REQUIREMENT:
Your copy of the entries below should hold exactly the lines from the one containing "Crystal porcelain painting" to the one containing "Axagon Klawiatura HMC-KB-NRD USB-C 5Gbps z", inclusive, and no pictures.

SUPPLIED RECORDS:
=== Section Start ===

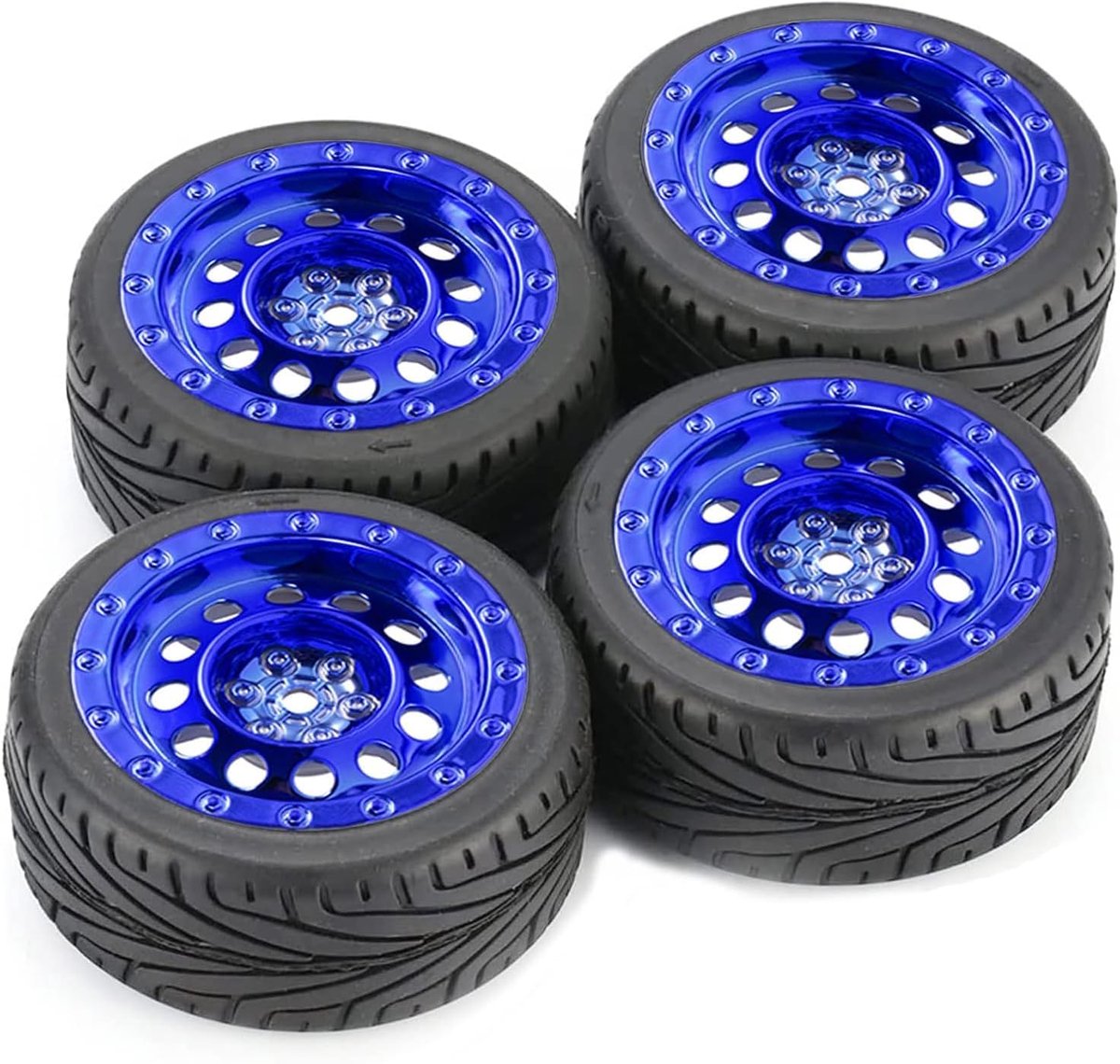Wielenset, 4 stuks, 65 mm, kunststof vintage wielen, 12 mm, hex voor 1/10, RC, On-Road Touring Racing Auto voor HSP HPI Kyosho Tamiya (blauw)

=== Section End ===
=== Section Start ===

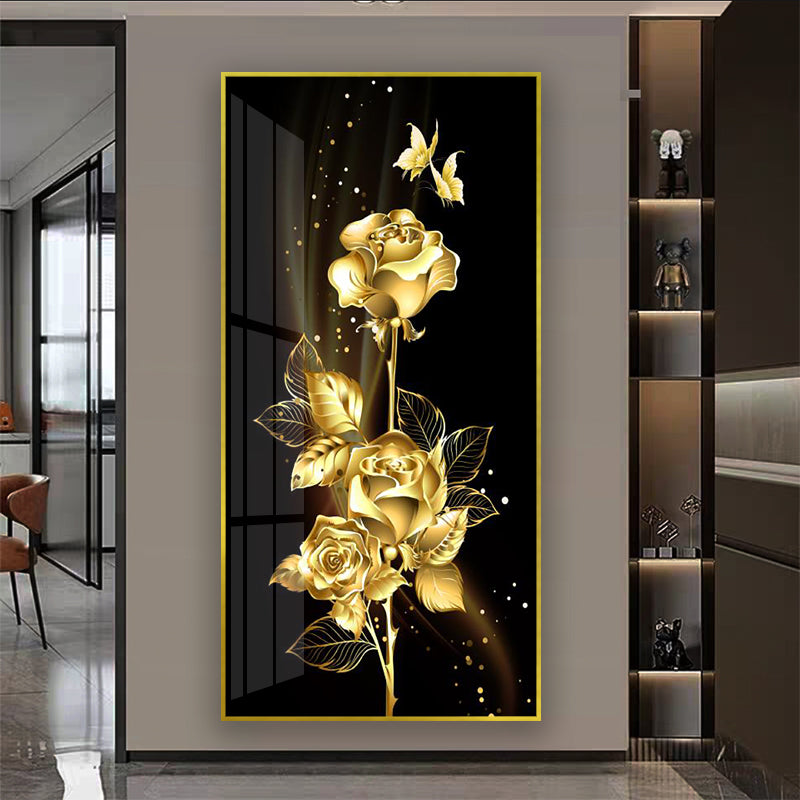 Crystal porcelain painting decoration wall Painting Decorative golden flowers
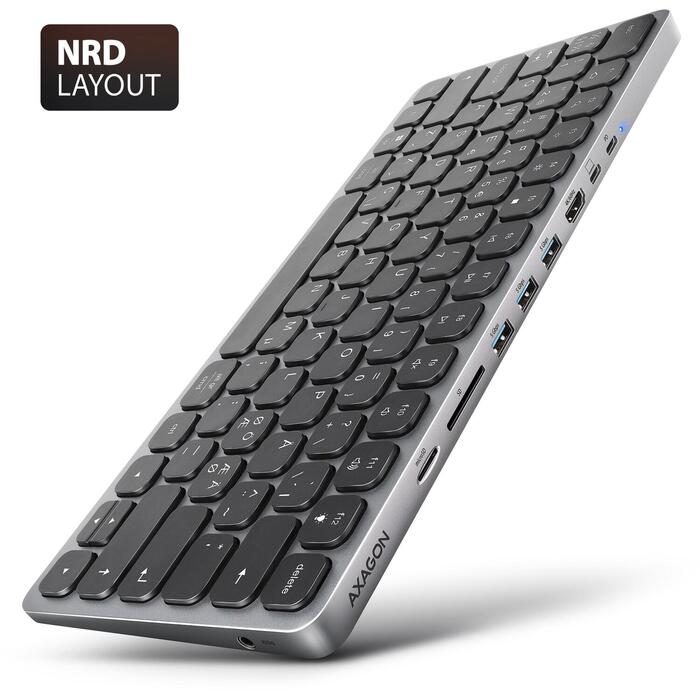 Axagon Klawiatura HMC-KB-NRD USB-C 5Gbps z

=== Section End ===
=== Section Start ===

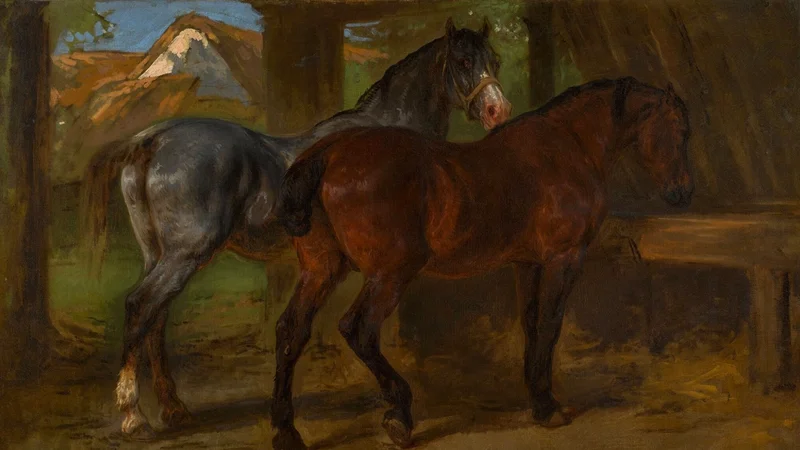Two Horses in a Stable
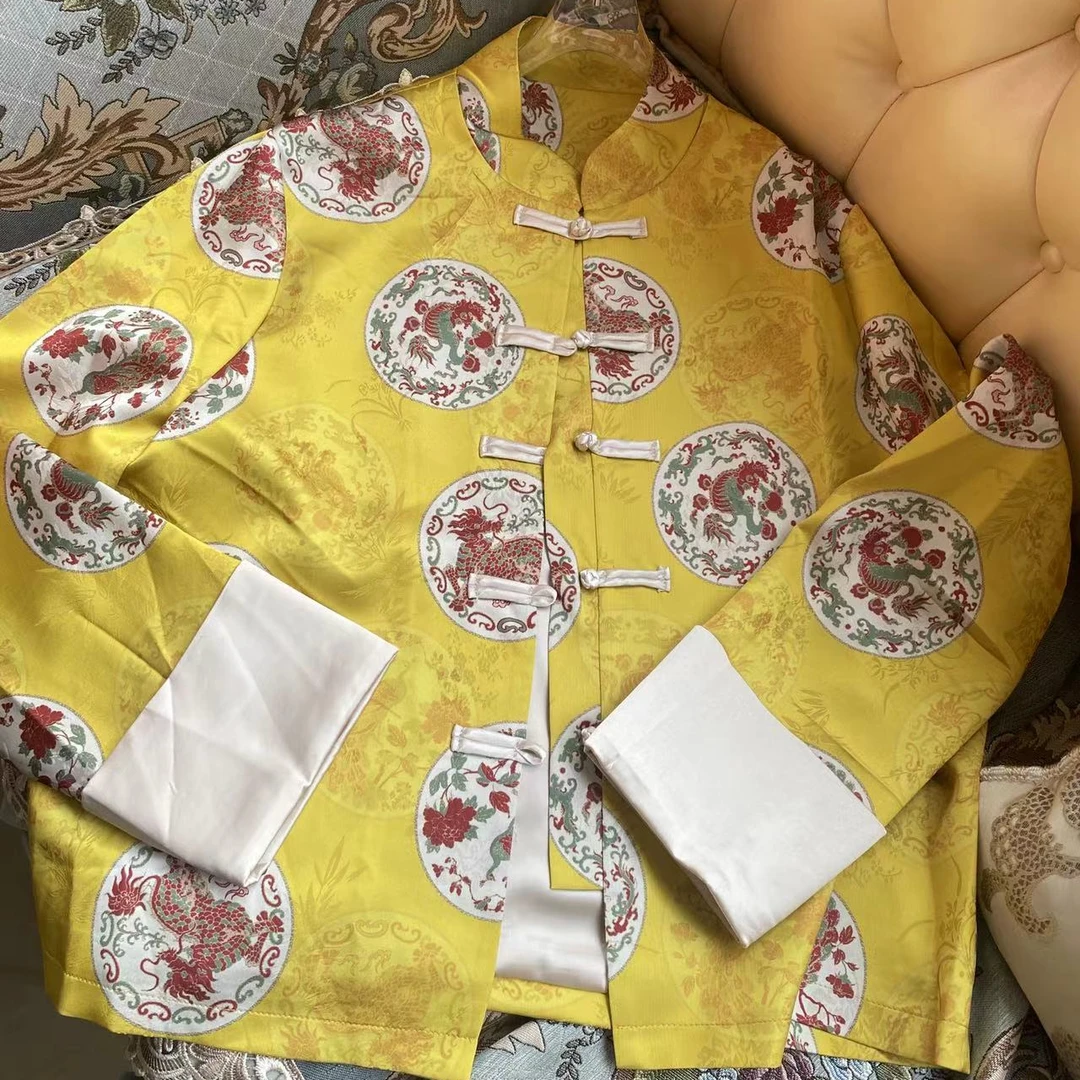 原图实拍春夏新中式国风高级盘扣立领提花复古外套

=== Section End ===

REPLY:
 Crystal porcelain painting decoration wall Painting Decorative golden flowers
 Axagon Klawiatura HMC-KB-NRD USB-C 5Gbps z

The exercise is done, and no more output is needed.